After exhaustive searching, closest I can find.
http://www.rockler.com/ecom7/product_details.cfm?page=255


----------



## Techno100 (May 8, 2010)

OR this looks more likely
http://www.hardwaresource.com/hinge...ncealed+Hinges+-+Hidden+Hinges/Lift-up+Hinges


----------



## Borisd0 (Jan 3, 2006)

Techno100.
Thanks, the second post looks a likely candidate.
I will follow it up.

Geoff.


----------



## Techno100 (May 8, 2010)

INFACT I'd say I hit the motherload with that one! The more I compare that last one the more it matches 8)


----------



## wackywyco (Apr 30, 2007)

Mike have you broken the hinge or does the door not stay open? The Hinges on some of Hymer doors do not stay open if they impede on another door opening. On my 564 the rear high level cupboard door does not stay open because the Washroom door would hit it when that was opened.


----------



## lancia (Jan 1, 2007)

Mike

As unfashionable as it maybe around this forum, did you try Hymer UK, they are usually very good on parts.

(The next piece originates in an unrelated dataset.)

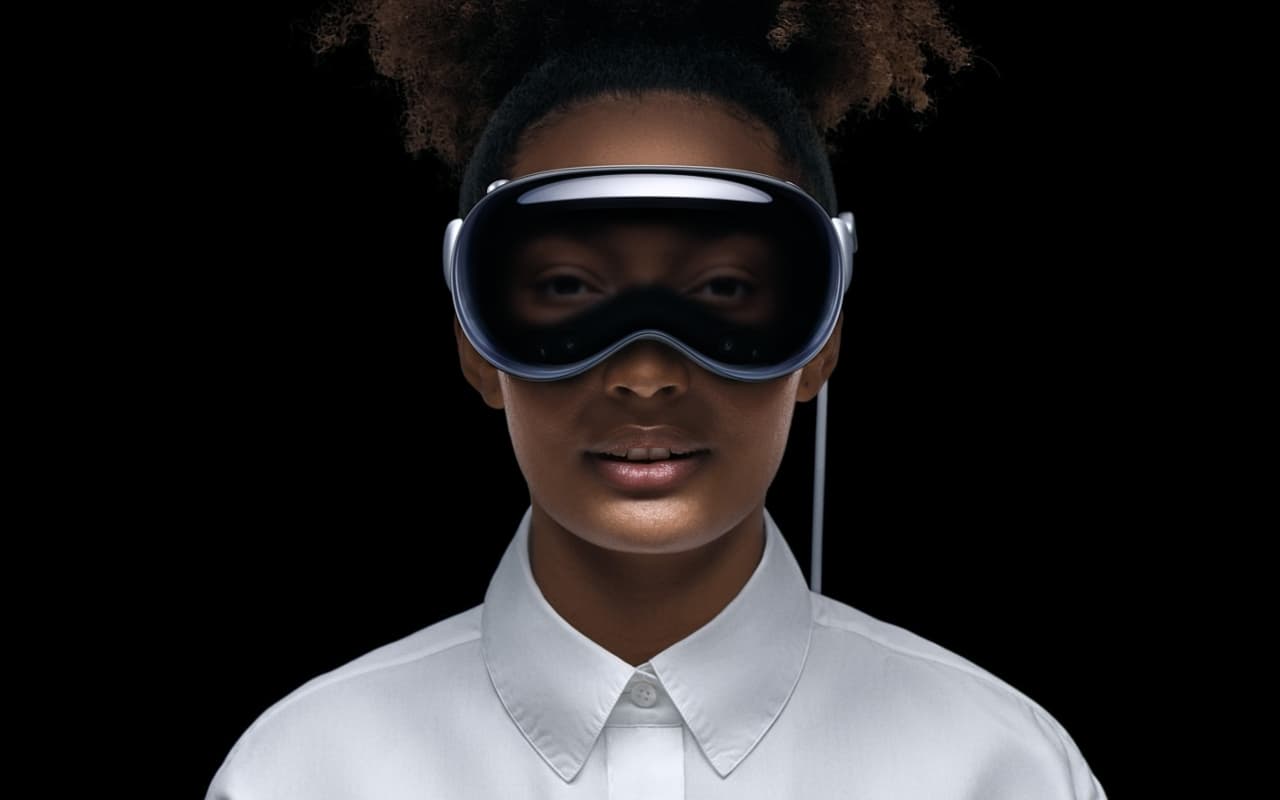 Apple Vision Pro: ऐपल के जादुई चश्मे की प्री-बुकिंग शुरू, यहां पाएं लॉन्चिंग से लेकर खूबियों तक की जानकारी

You need the Hymer serial number for your M/H then just describe the item and they seem to be able to sort it out. The only part they could not supply on our old 1990 S555 was a the side mirrors.

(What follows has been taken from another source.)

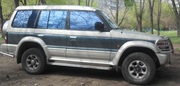 MITSUBISHI Pajero 1995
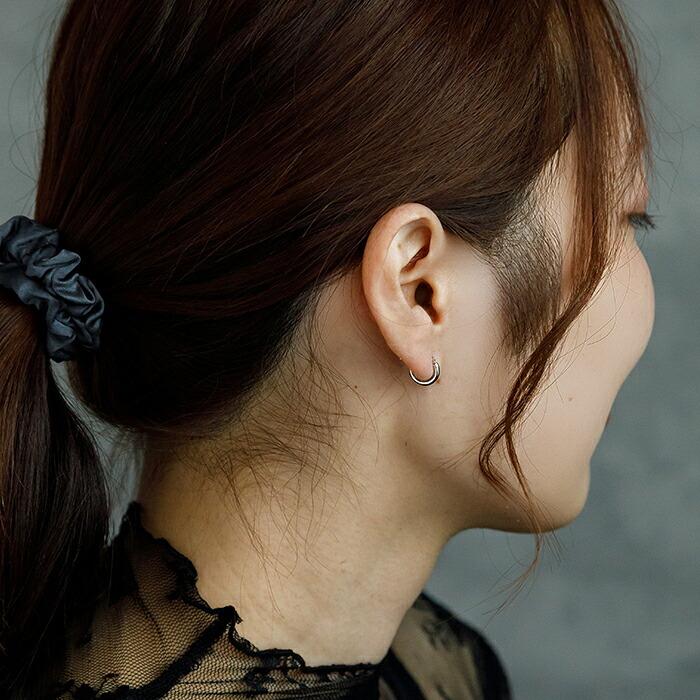 【ジュエリーの町 山梨甲府製】プラチナ フープピアス 細い 小さい PT900 幅2mm×直径10mm アレルギー対応  日本製 品質保証書 おすすめ 片耳 1個 かわいい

This good part supply on Hymers was one of the big reasons that we have gone down the Hymer route when replacing our old M/H.

Regards

Baz


----------



## aguilas389 (May 18, 2008)

Borisd0 said:


> Hello aguilas389,
> 
> I have just broken the hinge that you refer to. Did you ever find a source for them, if so please let me know.
> 
> ...


 
Geoff,
Have only this morning been able to go on line but as ever, others have been most helpful. I obtained a replacement whilst in Germany some time ago as the Hymer dealership over here are fantastic can't do enough for you. In fact we are just on our way back to the UK on German export plates having chopped our 544 in for a 754, wouldn't change from a Hymer.
Regards
Marion & Mike


----------